8+9 Flashcards
What is the main limit of perceptrons? What is a way to fix this?
A perceptron splits data into two half spaces, if the boundary needs to be non linear this is impossible. If we make the perceptron multi layered we can get around this.
What is a layer? What is a single layer network good for?
A number of neurons connected to the same inputs(with different weights) forms a layer. A single layer network is good for multi-class classification.
How does error backpropagation work?
Take the error associated with output and distribute amongst units which provided input, the strongest connected inputs take the most blame. This continues until at the input layer. Once all blame has been distributed each neuron will change its weights and biases to reduce its share of blame.
Can multi layer networks be done with a hard limiting function?
No they need a sigmoid activation function(or other continuous function with a non zero derivative).
What are all the steps in the backpropagation algorithm?

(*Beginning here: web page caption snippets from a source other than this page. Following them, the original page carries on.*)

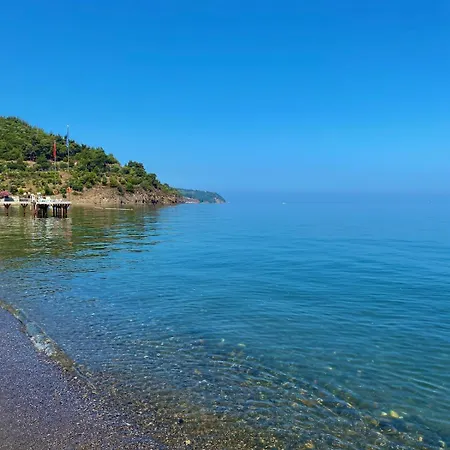 Havuz Ve Deniz Manzarali Muestakil Ev *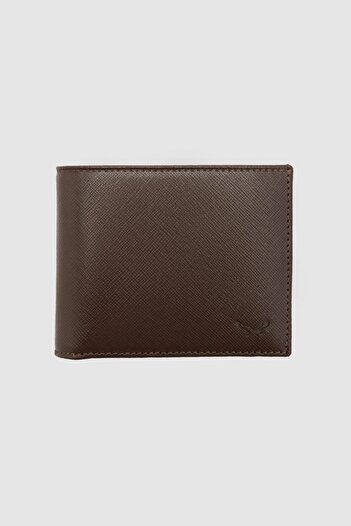 D'S Damat Ds Groom Brown Wallet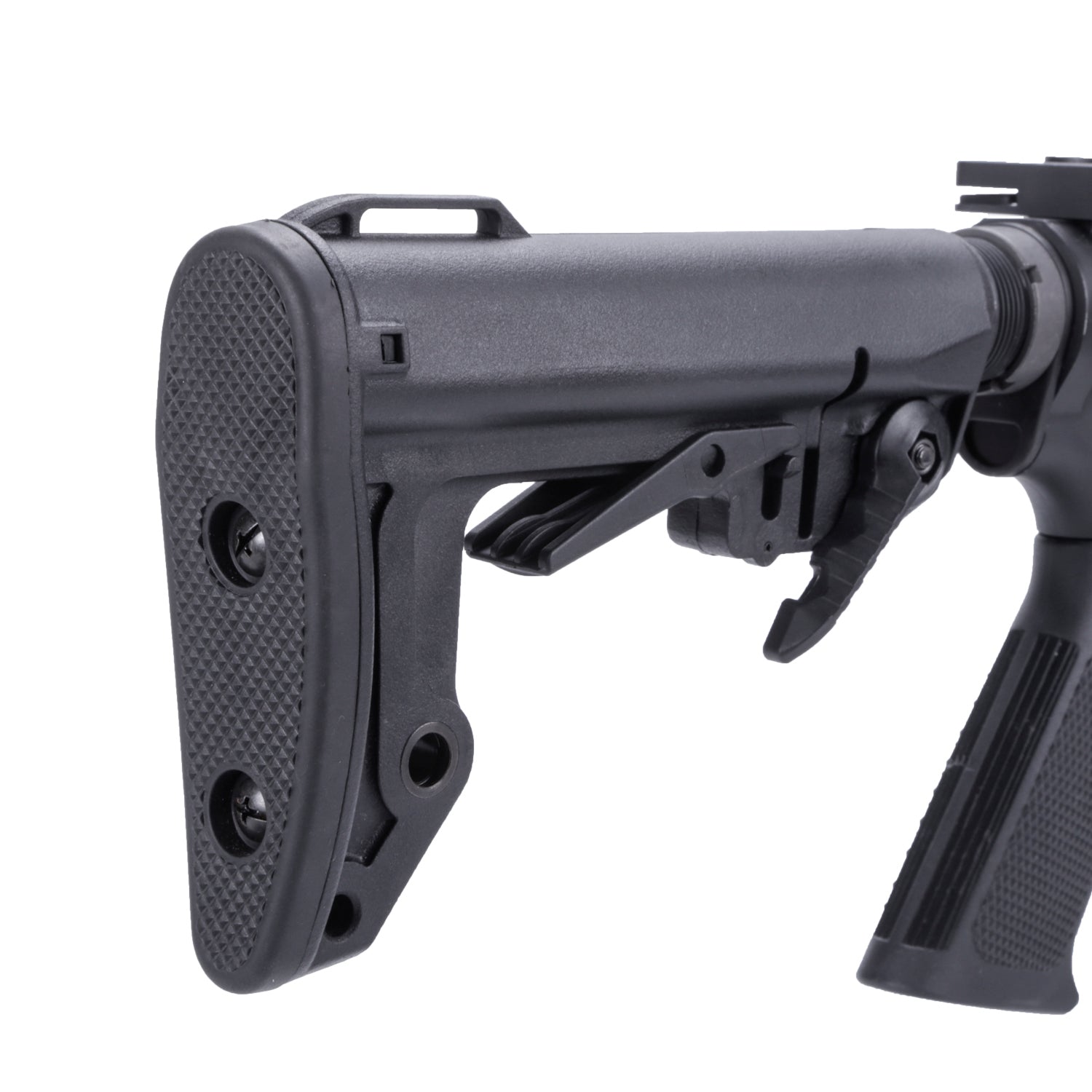 King Arms TWS 9mm Carbine GBB ( Black )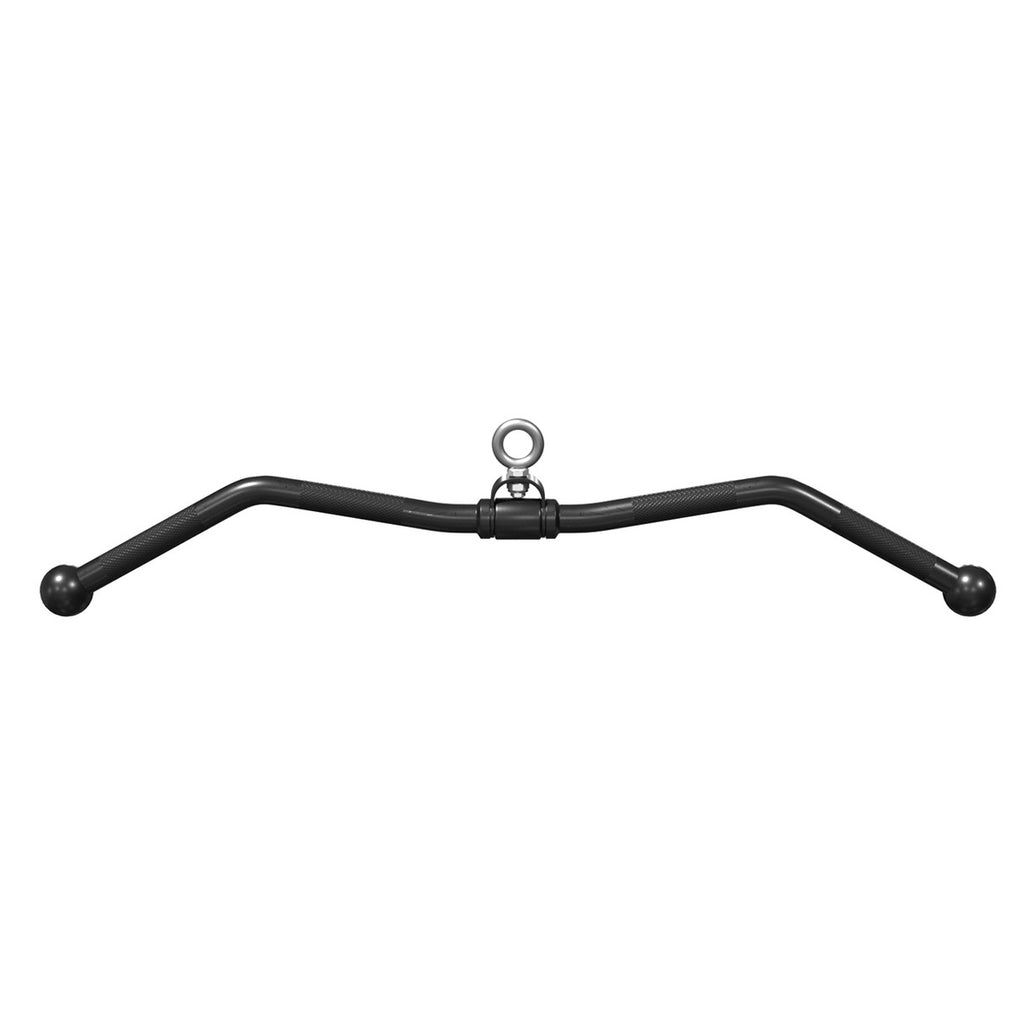 Revolving Curl Bar Cable Attachment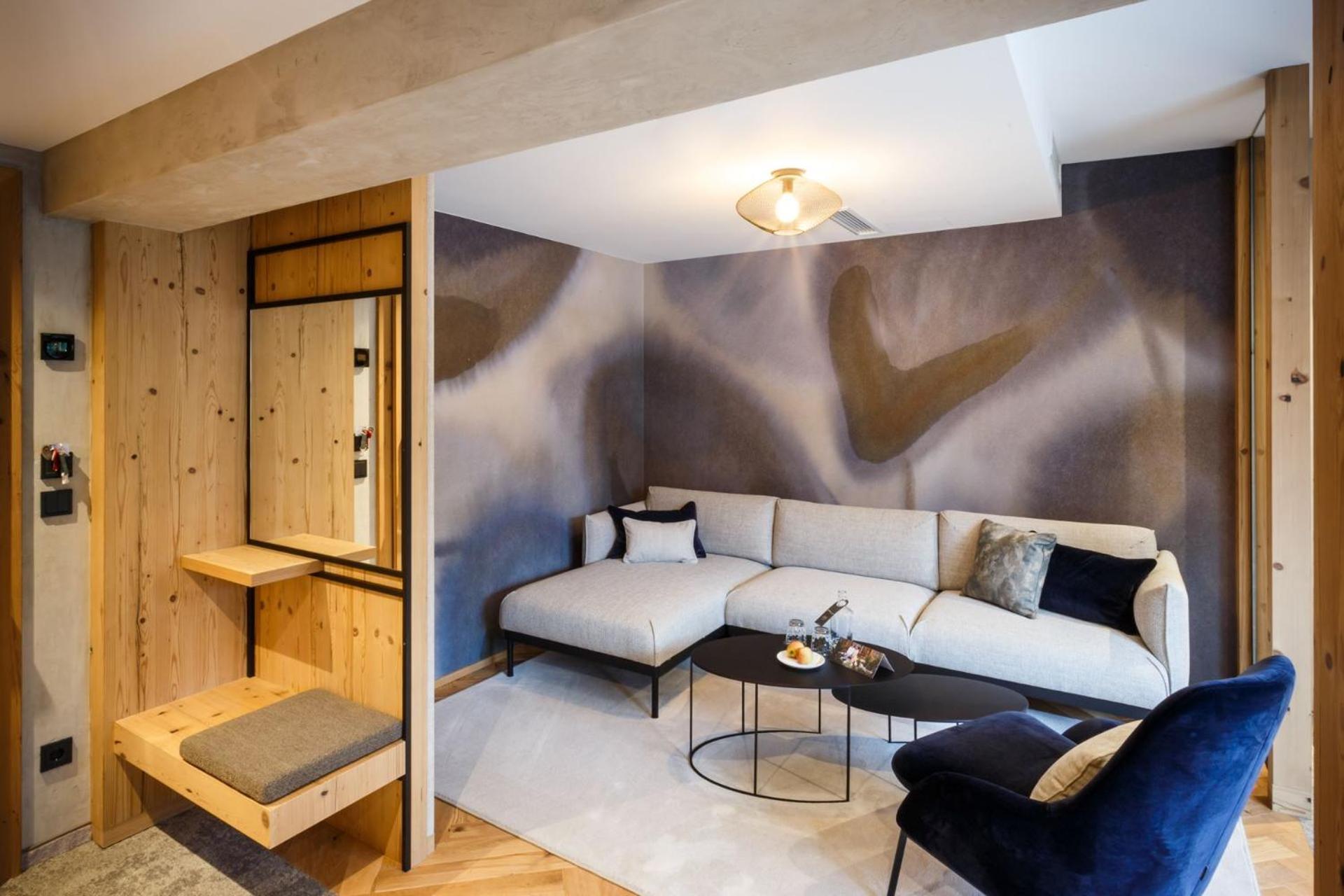 Nova Moments Boutique Hotel Pertisau Exteriér fotografie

- Initial guess all parameter values.
- forward phase, make forward computation to determine output, save output at each layer.

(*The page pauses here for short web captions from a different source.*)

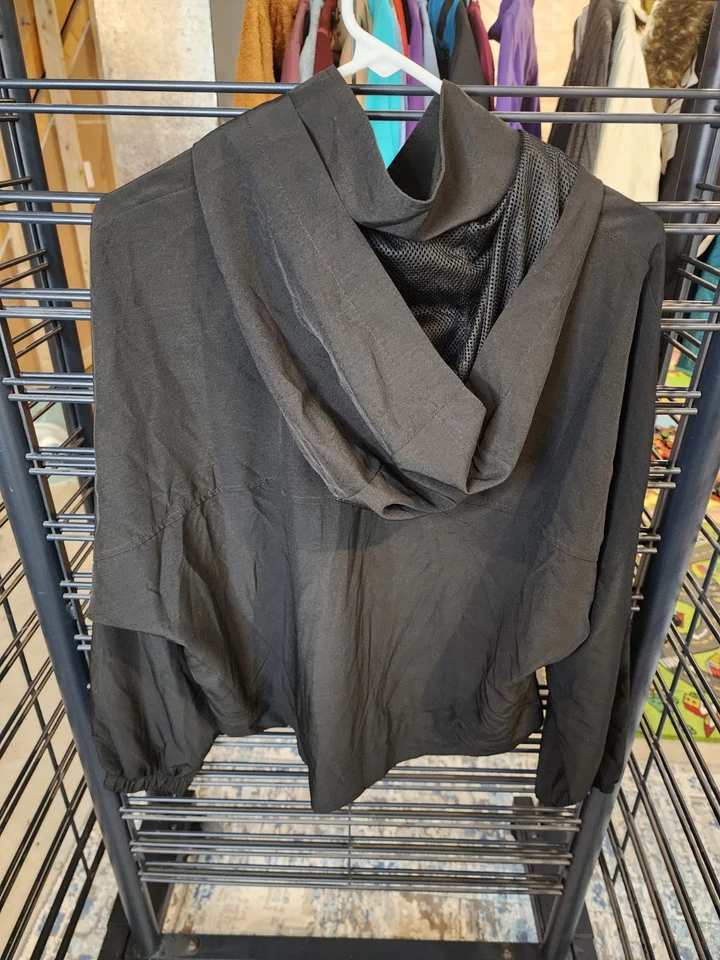 Chaqueta híbrida O’Neill - mediana para hombre - negra Foto 2 de 3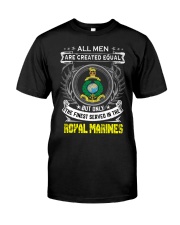 Royal Marines Classic T-Shirt front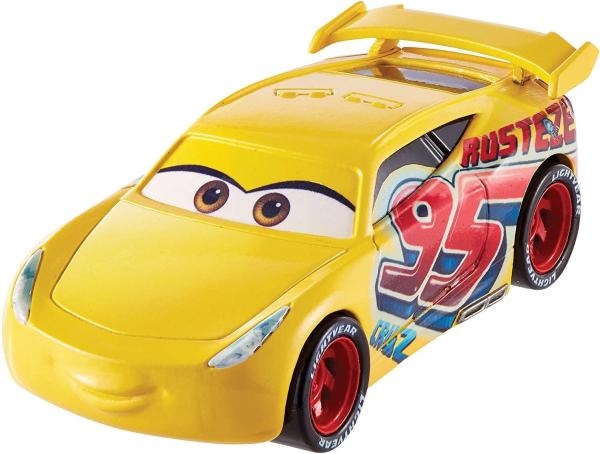 Круз Рамирес "Тачки 3" (8 см.) от Mattel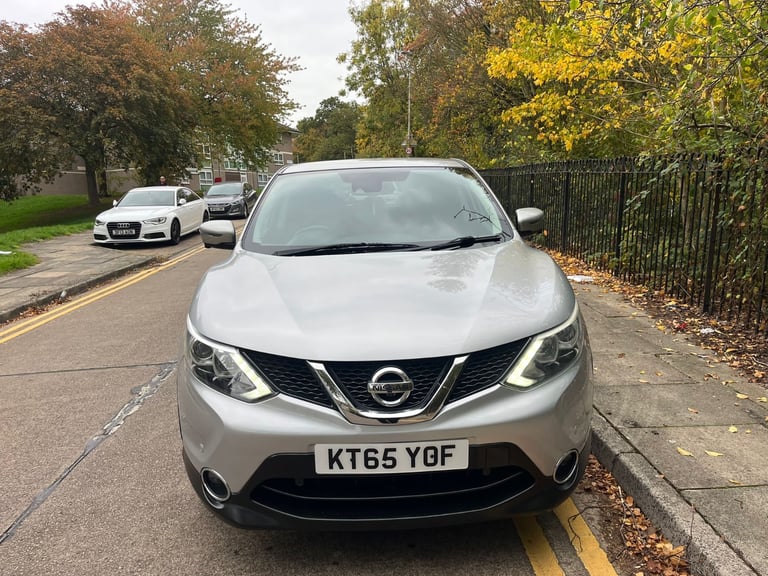 Nissan, QASHQAI, Hatchback, 2016, Manual, 1197 (cc), 5 doors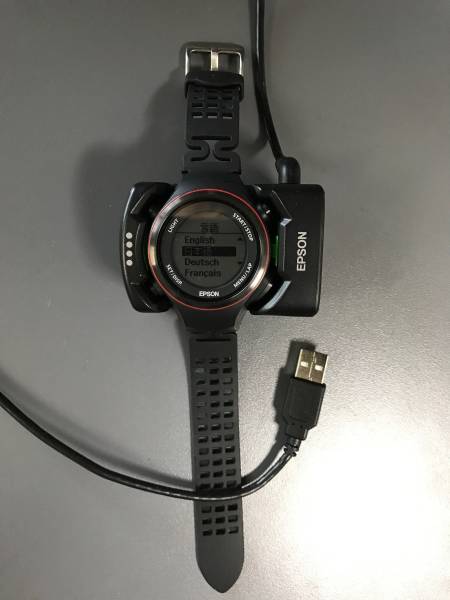 エプソン WristableGPS SF-810 － RUNNET － 日本最大級！走る仲間の
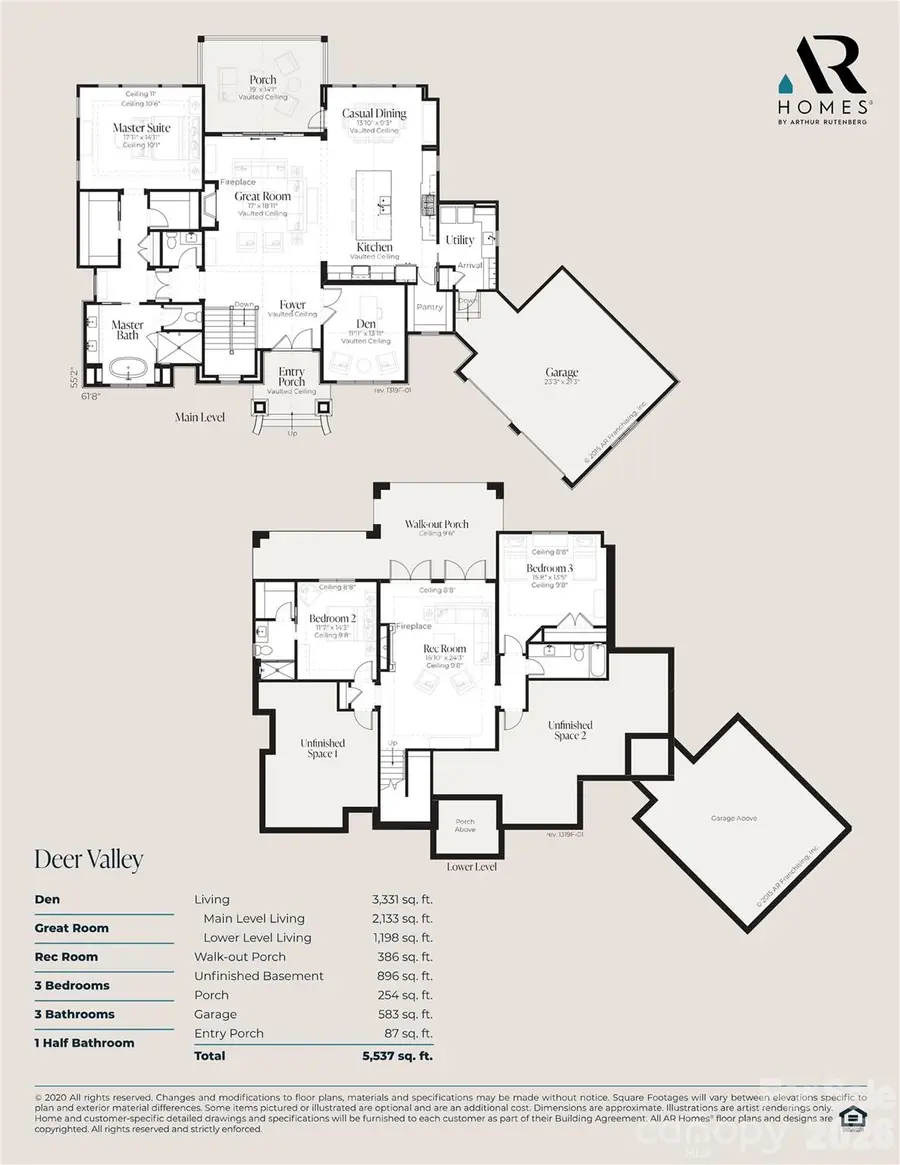 9999 Woodhen Way #138 & 139, Horse Shoe, NC 28742 - #2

- Compute cost based on network output and desired output.
- backpropagate blame for error in network and update parameters.
- go back to step 2.
What are the main activation functions?
Sigmoid(0,1) , tanh(-1, 1), linear, rectified linear unit(linear if value is not less than 0. 0 in this case.)
Which output neuron should be chosen for classification problems?
The one with the greatest confidence.
What is the cross-entropy cost?
A cost system better than MSE for classification problems.
What is the softmax activation function?
Neuron output from activity is normalised by total activity of all output neurons, producing a probability distribution over classes?
What is a feed forward neural network What about a recurrent neural network?
Feed forward is a directed acyclic graph, meaning the internal state only depends on the current input. A recurrent neural network includes cycles, allowing the model to show a dynamic temporal behaviour.
What does a SRN involve?
Tanh activity function in hidden layer, softmax in output. Is a recurrent network, hidden layer feeds back in on self.